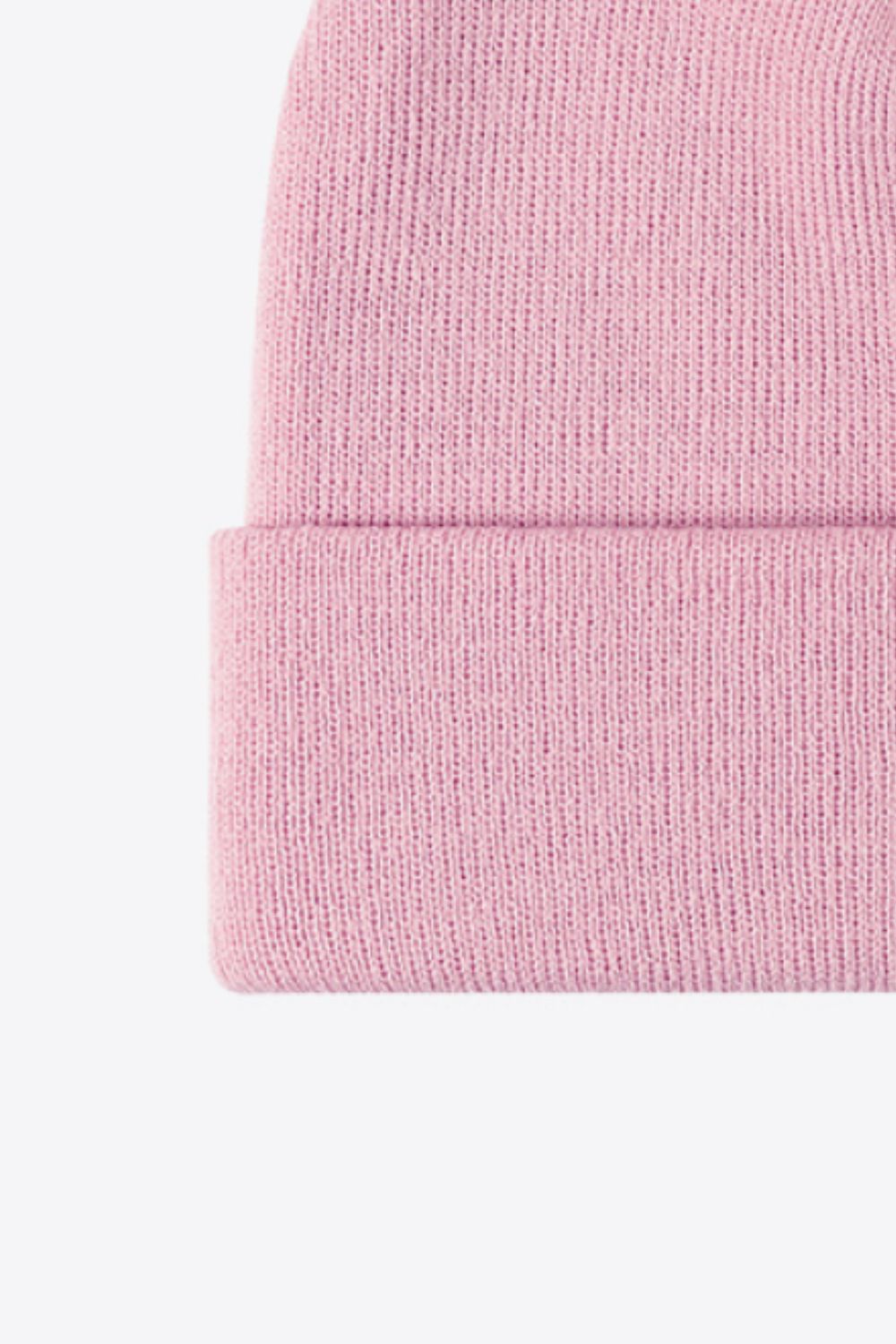 Solid Color Cuff Knit Beanie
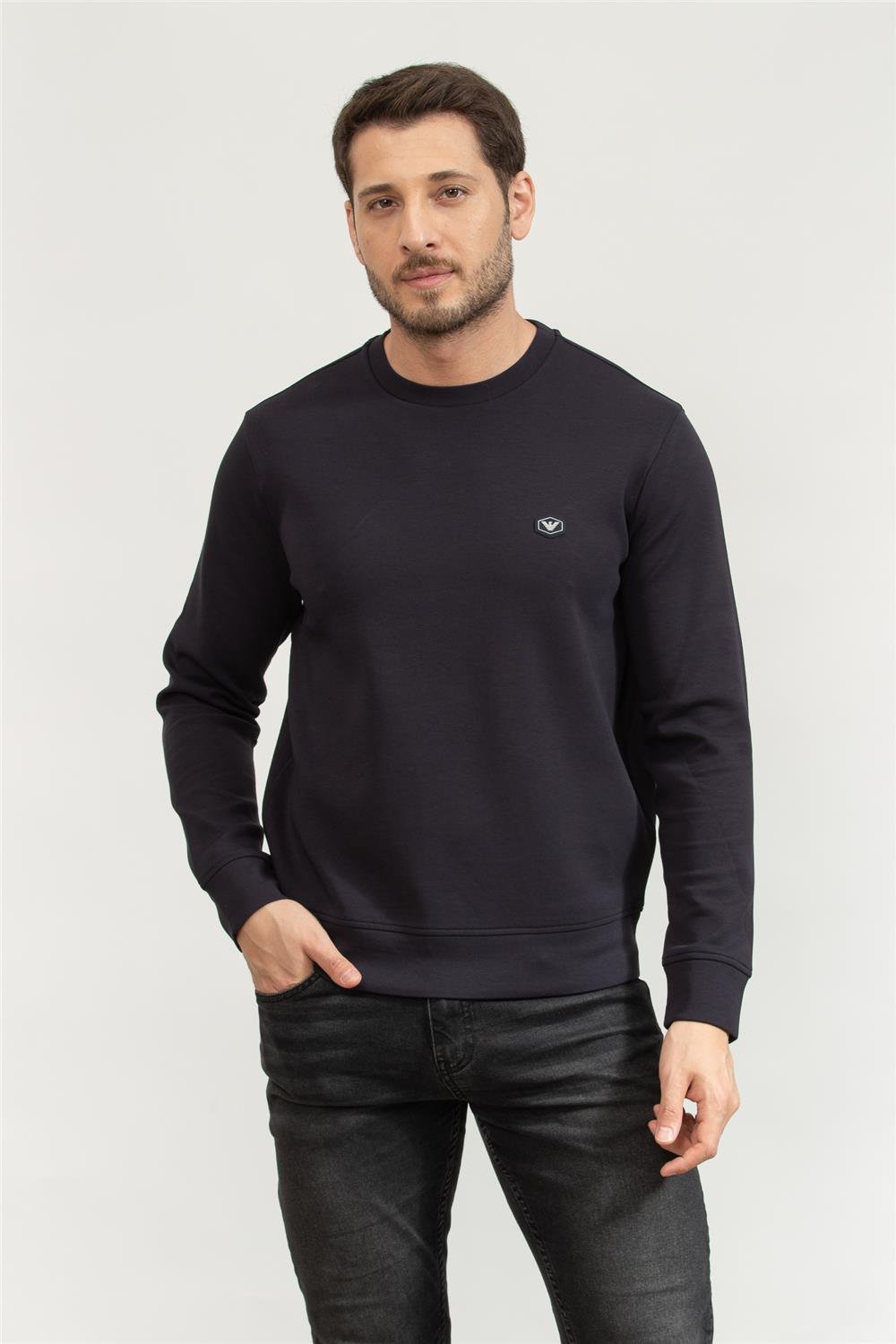 Emporio Armani Erkek Bisiklet Yaka Sweatshirt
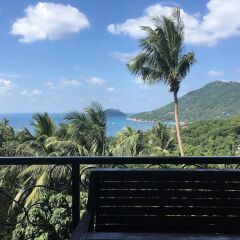 Отель Koh Tao Heights Apartments Таиланд, Мэй-Хаад-Бэй - отзывы, цены и фото номеров - забронировать отель Koh Tao Heights Apartments онлайн балкон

## Your task:
A verbatim copy of the data, with all pictures omitted, is the required output.

## Response:
 Solid Color Cuff Knit Beanie
 Emporio Armani Erkek Bisiklet Yaka Sweatshirt
 Отель Koh Tao Heights Apartments Таиланд, Мэй-Хаад-Бэй - отзывы, цены и фото номеров - забронировать отель Koh Tao Heights Apartments онлайн балкон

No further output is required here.